After her graduation from Auburn University in 2012, Vanderpool-Wallace has been reunited with her coach Marsh, the current CEO/Director of Coaching at SwimMAC Carolina in Charlotte where she is training with top American swimmers like Ryan Lochte and Colin Jones.

“I think it’s putting me in a good place and they push me to be the best that I can be and hopefully I can push them to be the best that they can be,” she said.

“It’s really crazy training with them. Some of them are just genetic freaks - stuff that they can do is just absurd.

“Being able to train with them and seeing what they can do only makes you want to push to become a better person. I think sometimes when you get used to the routine, you don’t work as hard as you could. But when you see what other people are doing, it pushes you that much harder to do what they can do.”

Vanderpool-Wallace said she may never attain as many medals as Lochte, who has won 77 medals in major international competition (49 gold, 17 silver and 11 bronze) spanning the Olympics, the World, Pan American and the Pan Pacific Championships.

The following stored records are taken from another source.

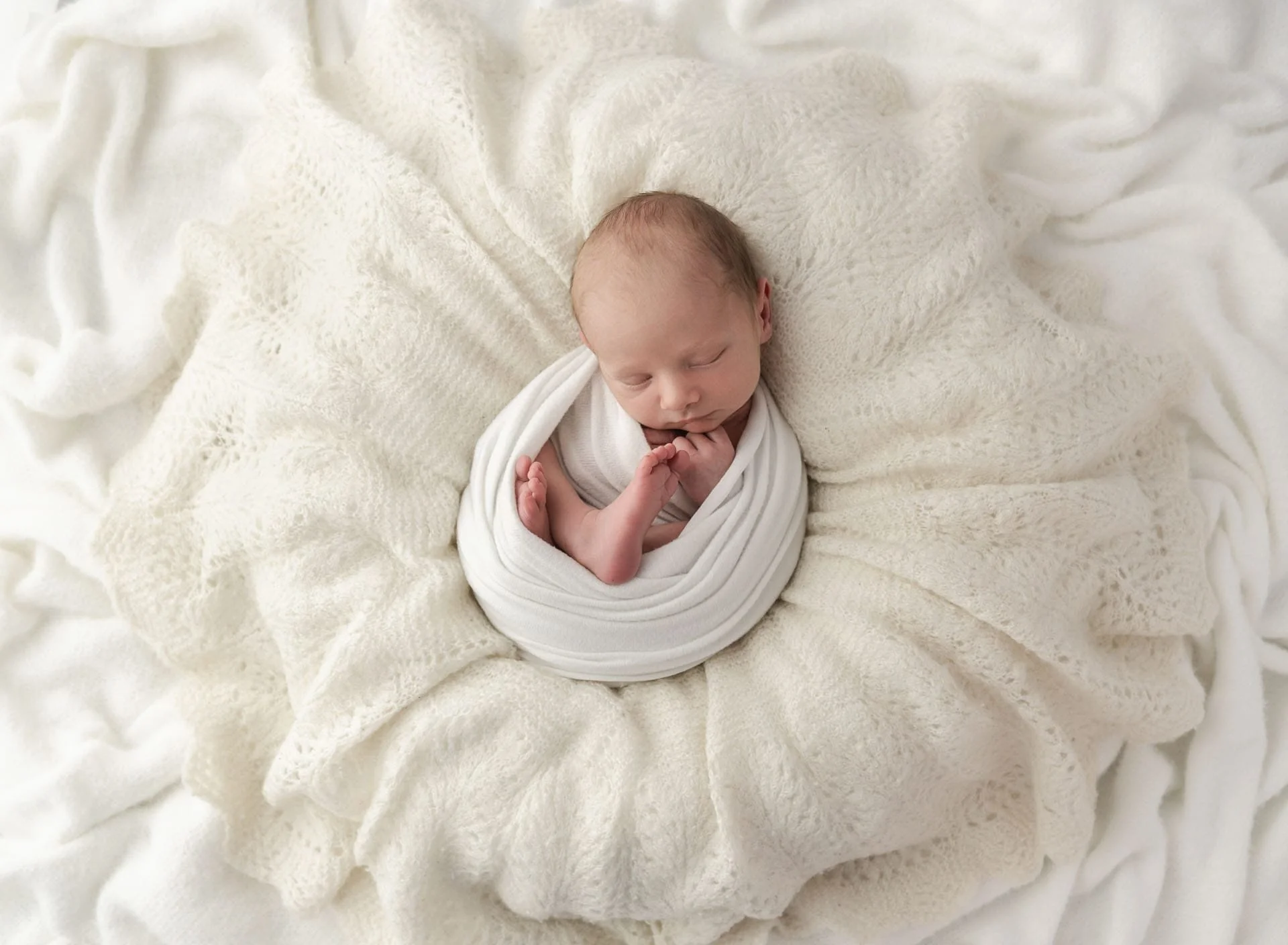 Wrapped Newborn photography session in Bishopdale Christchurch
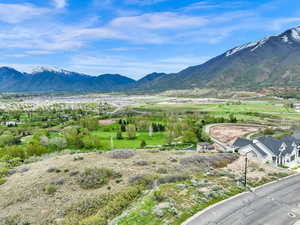 View of mountain backdrop featuring nearby suburban area and a golf club
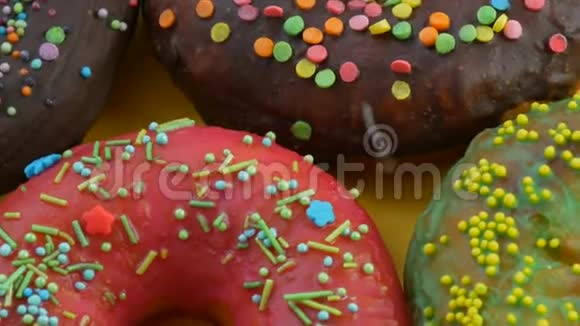 美国甜甜圈五颜六色的釉和粉末在黄色背景上旋转近距离观看视频的预览图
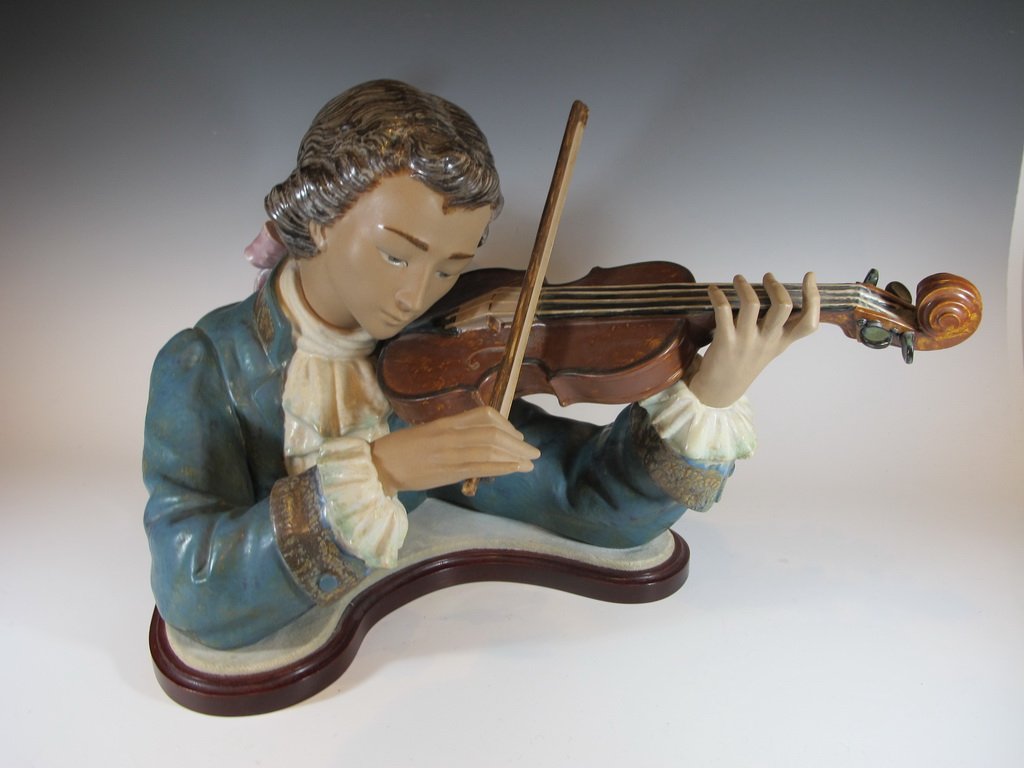 Lladro “Violin Player" porcelain sculpture: Lladro “Violin Player" porcelain sculpture on wooden stand, signed V. Martinez and J. Ruiz. Limited edition 275 / 1200, issued 1977, retired 1987. Sculptor Vicente Martinez. 13 5/8” H x 22” W x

But for now, she’s just thrilled to be a Commonwealth Games silver medallist.

“I think my biggest goal was to put swimming on the map. It’s not that important how people see me. It’s more how people see swimming as a whole,” she insisted. “It’s really exciting that I was able to get a silver medal and then Joanna Evans went on to the Youth Olympics and got a bronze medal.

“So swimming is obviously growing in the Bahamas and hopefully we will have a big team going to the Olympics in 2016.”